Setup is amazingly simple. It's like using a USB thumb drive, just plug it in and your PC sees it as a drive, no software needed.
There are some folders on there, one called 'Music' so I loaded song files and folders to it to see how the interface would work. The player recognized all my id tags and the flac's sounded great. I'm not sure how it chooses to go from one song to the next but there is a list, random play, and other playing methods that I'm still learning.
When I first started it, everything sounded like crap. The bass was 'expanded' the 'BBE' was on a high setting... etc. So, I turned off all that crap and things got much better... but it's still not as good as my normal 2-channel system for sheer realism. What? $25 headphones aren't as good as $1,k speakers with another $1,k in tweaks?
The Senn 202's have excellent isolation characteristics. I don't know how much but I could hear myself breathing, it cut my wife's TV blaring to less than half... If I played music at a light volume I could barely hear anything else, if I played at what I call a 'normal' level for me, I couldn't hear anything else.

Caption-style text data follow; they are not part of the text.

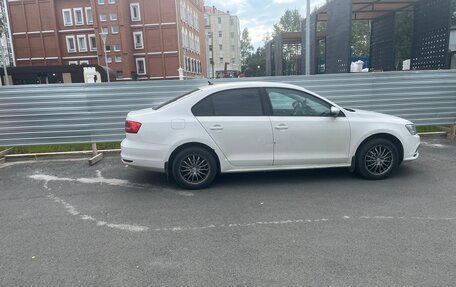 Volkswagen Jetta VI, 2015 год, 900 000 рублей, 4 фотография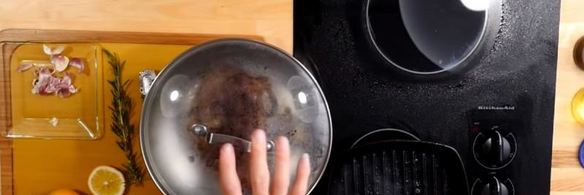 стейк рибай на сковороде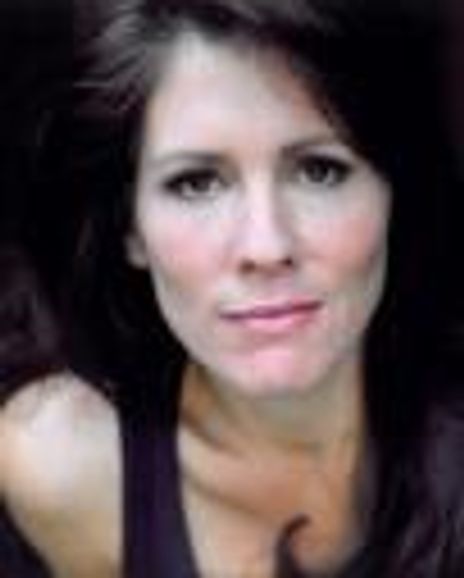 Alyssa Bresnahan Headshot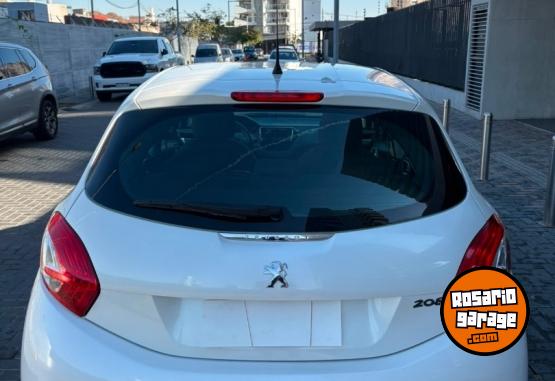 Autos - Peugeot 208 active 2014 Nafta 48000Km - En Venta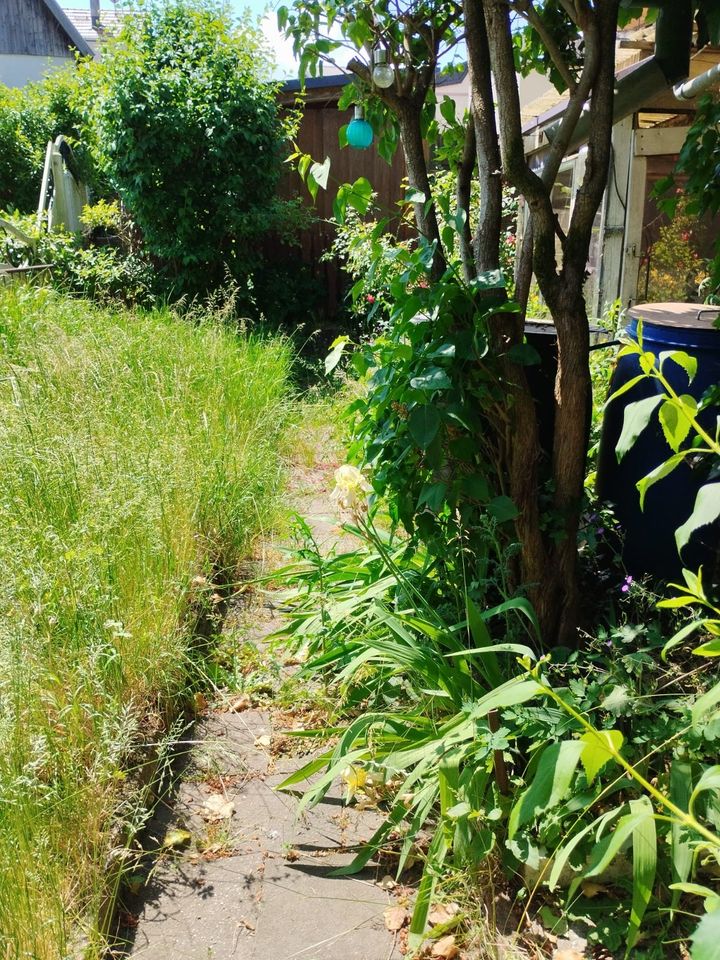 Doppelhaushälfte im Sonneberger Stadtteil Wehd in ruhiger Lage mit schönen Ausblick in Sonneberg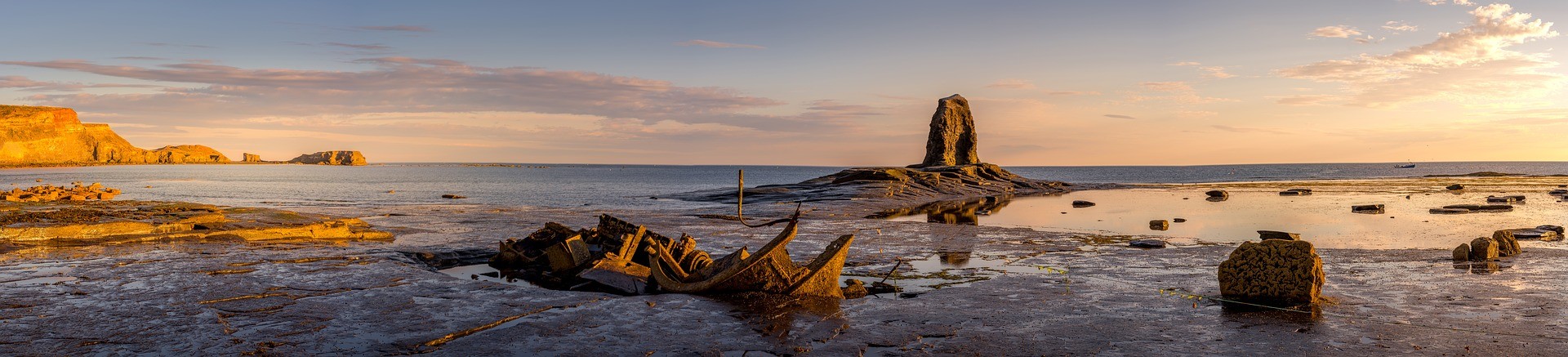 Saltwick Bay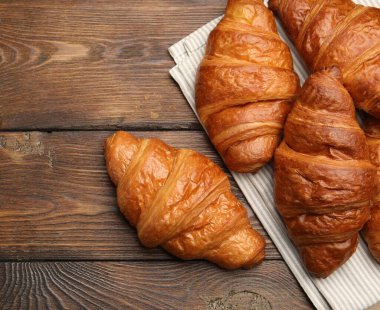 Puf böreği. Tahta masada taze kruvasanlar, düz yatıyordu.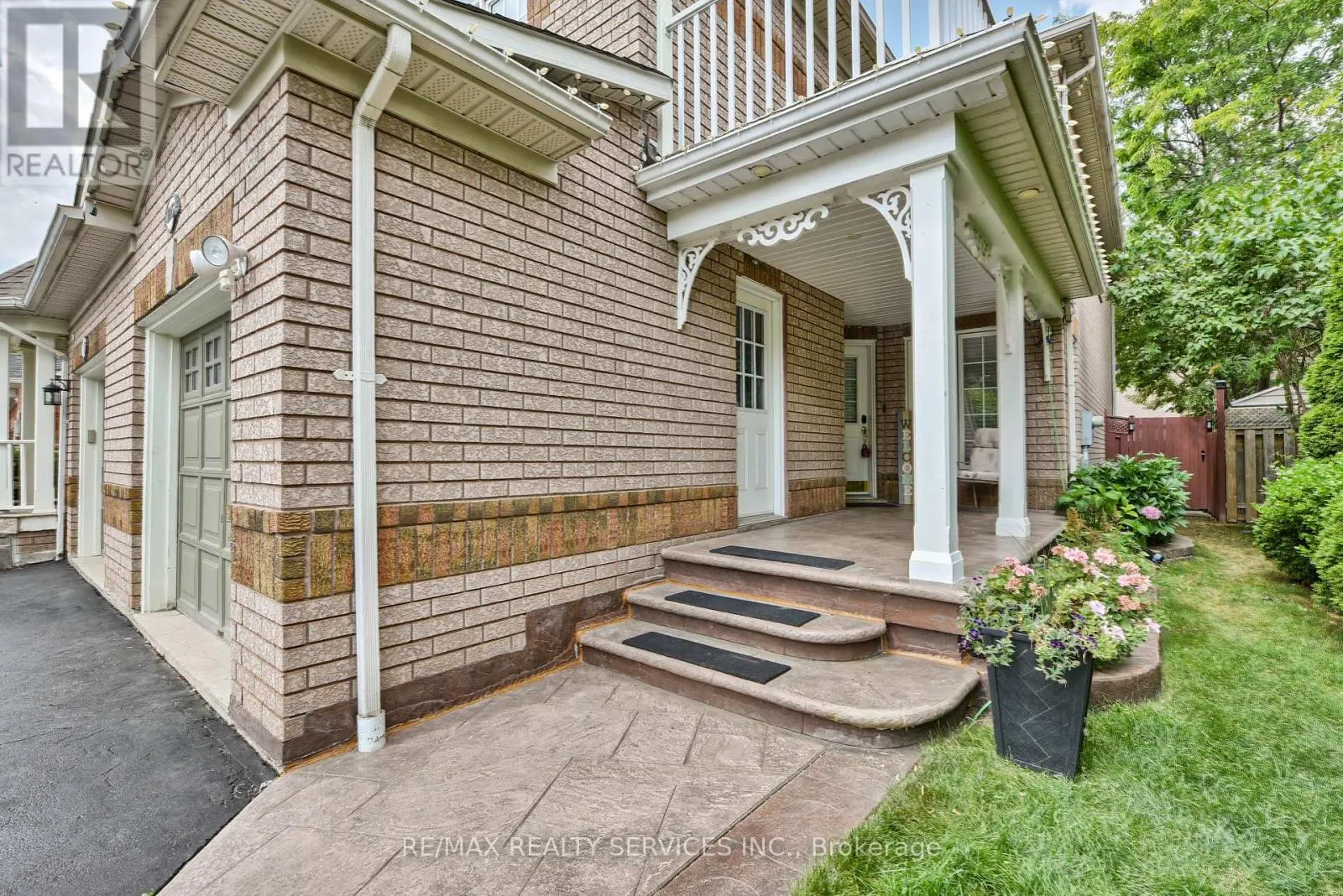 1075 CARDING MILL PLACE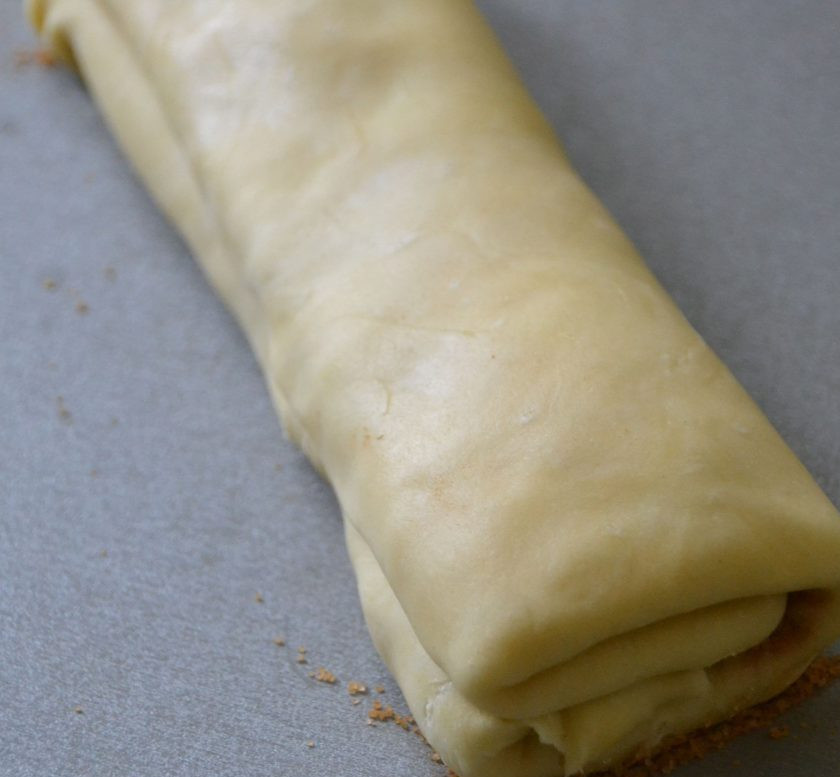 1. Этап. Печенье Арлетт: Сделайте еще один подворот теста, получается подобие рулета.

I'm pretty sure the headphones need more breakin but I don't have many devices that have headphone outs.... so, I let the iAudio play all night at a good volume (a little louder than I'd like for 'normal' but not distorting). I couldn't get distortion, btw at any tolerable levels unless the music was crapily recorded in the first place. (Like David Bowie's 'Queen Bitch'.. great song but it gets a little screetchy on most systems) I adjusted the eq settings some more and this was even tolerable at high volumes.

Anyway, the bass was a little muddy at times but the midrange was very nice; Nick Drake sounded incredible. To me, this sounds like break-in issues... I'll find something to continue breaking in the phones.

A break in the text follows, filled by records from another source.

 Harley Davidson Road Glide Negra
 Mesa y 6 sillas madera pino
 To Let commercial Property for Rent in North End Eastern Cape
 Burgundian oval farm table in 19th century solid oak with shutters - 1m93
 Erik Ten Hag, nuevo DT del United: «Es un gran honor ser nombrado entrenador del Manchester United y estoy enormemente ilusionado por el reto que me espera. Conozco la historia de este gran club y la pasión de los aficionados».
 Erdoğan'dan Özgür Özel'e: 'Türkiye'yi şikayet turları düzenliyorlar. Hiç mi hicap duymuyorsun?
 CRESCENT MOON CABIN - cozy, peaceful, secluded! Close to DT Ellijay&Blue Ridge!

The iAudio may not have died after playing last night, it may have decided to sleep after some point but I don't know. I forgot it has a power switch and I tried to revive it by just pushing 'play'. When it didn't, I put it on the charger. If it did, I'll be interested to see what the real life is today.
One thing I don't know is.... there is a thin 4-contact slot under the headphone jack. I'm wondering if this is a digital out. Do other countries use some other kind of headphone jack that looks like a small rectangular connector? I'll look in the manual after it charges. You can't charge and play at the same time, it's 2 different cables; even if you get the cradle you can only do one or the other. The device end of the cable looks exactly like my Palm Tungsten E's cable, BTW.
Overall, I'm quite pleased. The whole thing was about $275. That's not small change for a portable music player and headphones. However, I think it's a good way to take a little piece of 'audiophilism' with you.